Women are the story, Jennifer Lopez says in ELLE’s annual celebration of Women in Hollywood. “We have to be able to stand in our own power and say, ‘We’re not just on the periphery.’” As Fantasia Barrino Taylor puts it, we must tell ourselves: “I am the award. I am the trophy.”
Lopez, Barrino Taylor, and the seven other honorees here are changing the face of the film industry—literally, by becoming the stars that they desperately wanted to see onscreen. “That’s what I signed up for as an actor—to be a reflection of the world that I actually live in, to represent the person who doesn’t feel she has a voice and who isn’t seen,” says Danielle Brooks. “Even to represent myself.”

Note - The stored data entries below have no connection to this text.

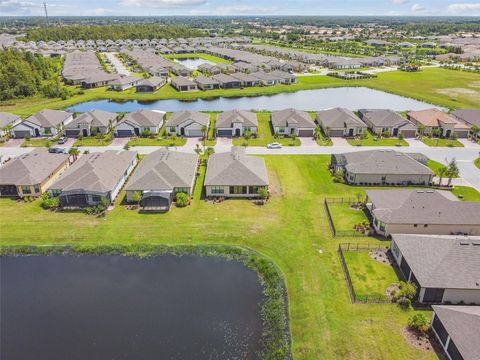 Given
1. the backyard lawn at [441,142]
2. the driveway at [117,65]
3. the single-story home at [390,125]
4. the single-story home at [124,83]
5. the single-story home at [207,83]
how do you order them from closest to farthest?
the backyard lawn at [441,142]
the single-story home at [390,125]
the single-story home at [124,83]
the single-story home at [207,83]
the driveway at [117,65]

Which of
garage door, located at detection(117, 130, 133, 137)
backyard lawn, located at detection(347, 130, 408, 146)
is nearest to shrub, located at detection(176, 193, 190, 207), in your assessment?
garage door, located at detection(117, 130, 133, 137)

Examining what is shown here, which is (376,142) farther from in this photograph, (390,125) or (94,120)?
(94,120)

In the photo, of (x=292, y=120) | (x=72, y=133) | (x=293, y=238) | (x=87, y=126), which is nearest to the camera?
(x=293, y=238)

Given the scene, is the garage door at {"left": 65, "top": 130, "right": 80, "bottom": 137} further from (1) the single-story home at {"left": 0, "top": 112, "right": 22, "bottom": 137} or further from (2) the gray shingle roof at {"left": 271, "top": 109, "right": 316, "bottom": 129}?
(2) the gray shingle roof at {"left": 271, "top": 109, "right": 316, "bottom": 129}

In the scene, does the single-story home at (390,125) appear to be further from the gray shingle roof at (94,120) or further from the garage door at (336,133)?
the gray shingle roof at (94,120)

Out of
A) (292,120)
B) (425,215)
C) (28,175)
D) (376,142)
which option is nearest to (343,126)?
(376,142)

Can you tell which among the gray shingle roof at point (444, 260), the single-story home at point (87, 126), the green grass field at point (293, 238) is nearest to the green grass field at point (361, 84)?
the single-story home at point (87, 126) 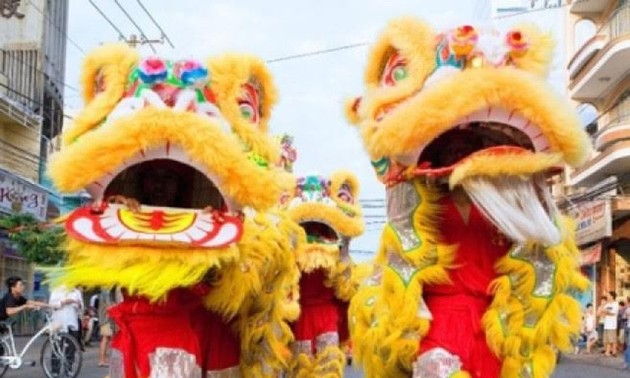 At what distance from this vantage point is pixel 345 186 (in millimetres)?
9383

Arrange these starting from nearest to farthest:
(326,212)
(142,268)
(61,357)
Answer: (142,268)
(326,212)
(61,357)

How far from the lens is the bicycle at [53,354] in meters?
12.2

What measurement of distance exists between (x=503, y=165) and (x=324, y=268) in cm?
445

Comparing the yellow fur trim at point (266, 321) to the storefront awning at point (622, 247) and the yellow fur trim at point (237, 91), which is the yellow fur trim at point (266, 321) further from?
the storefront awning at point (622, 247)

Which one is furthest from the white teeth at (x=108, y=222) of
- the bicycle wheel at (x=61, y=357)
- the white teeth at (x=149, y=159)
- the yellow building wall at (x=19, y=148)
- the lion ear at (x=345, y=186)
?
the yellow building wall at (x=19, y=148)

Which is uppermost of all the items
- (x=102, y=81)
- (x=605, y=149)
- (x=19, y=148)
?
(x=605, y=149)

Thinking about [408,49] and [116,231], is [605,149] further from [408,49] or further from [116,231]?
[116,231]

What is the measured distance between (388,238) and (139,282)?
1189mm

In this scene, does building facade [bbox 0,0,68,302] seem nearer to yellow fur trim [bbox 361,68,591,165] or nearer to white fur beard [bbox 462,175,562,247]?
yellow fur trim [bbox 361,68,591,165]

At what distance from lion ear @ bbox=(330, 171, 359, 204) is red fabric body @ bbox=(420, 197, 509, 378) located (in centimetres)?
461

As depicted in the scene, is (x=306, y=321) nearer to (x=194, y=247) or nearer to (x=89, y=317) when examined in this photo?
(x=194, y=247)

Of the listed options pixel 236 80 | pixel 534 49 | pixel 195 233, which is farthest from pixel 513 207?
pixel 236 80

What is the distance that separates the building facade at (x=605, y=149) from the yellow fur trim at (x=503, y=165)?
804 inches

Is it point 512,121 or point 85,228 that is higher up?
point 512,121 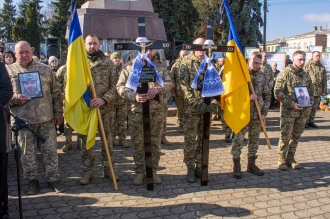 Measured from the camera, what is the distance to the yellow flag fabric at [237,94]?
5.36 meters

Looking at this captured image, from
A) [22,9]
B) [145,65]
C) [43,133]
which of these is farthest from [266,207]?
[22,9]

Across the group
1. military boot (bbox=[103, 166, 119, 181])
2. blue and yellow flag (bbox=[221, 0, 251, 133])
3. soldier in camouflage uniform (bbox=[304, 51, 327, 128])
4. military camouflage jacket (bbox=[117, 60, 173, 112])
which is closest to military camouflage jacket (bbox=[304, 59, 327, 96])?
soldier in camouflage uniform (bbox=[304, 51, 327, 128])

Representation has been a through line for many of this year’s Women in Hollywood honorees, from Eva Longoria, who talks about why she has made it a personal mission to tell complex Latin stories onscreen: “Hollywood gets to decide what heroes look like, and they never look like us,” to Lily Gladstone, who could become the first Native person nominated for a Best Actress Oscar for her star turn in Martin Scorsese’s Killers of the Flower Moon: “Seeing yourself represented gives you a sense of your place in the world,” she says.
Now that they’ve proven what is possible, they are pushing the limits even further. By writing new futures for themselves and women like them: “What I continue to wish for my career, and women’s careers and people of color’s careers, is that we don’t have to exist inside of these boxes or these lanes,” says America Ferrera, who will soon direct her first feature film. And by using their platforms to uplift others, like Taraji P. Henson, who says: “I’m grateful that acting led me to a larger life purpose.”
Greta Lee, the breakout star of Past Lives, says she’ll work until age 100 if she can in order to make up for lost time—“all those years of sitting and just watching people who had access to all the opportunities you didn’t,” she says. While Jodie Foster, after five decades in the industry, is relishing the feeling of letting go and watching others soar: At a certain point, “it’s someone else’s time,” she says. “You might as well do more of the things you love, less of the things you hate, and stop beating yourself up for something you can’t control.”
Editor’s Note: Our editors worked directly with SAG-AFTRA during its recent strike to make sure we could honor women in Hollywood while still adhering to union guidelines. Honorees were permitted to be photographed and speak about their careers generally; any specific acting projects they discuss here were either not among those subject to the strike or were added via follow-up interviews after the strike ended.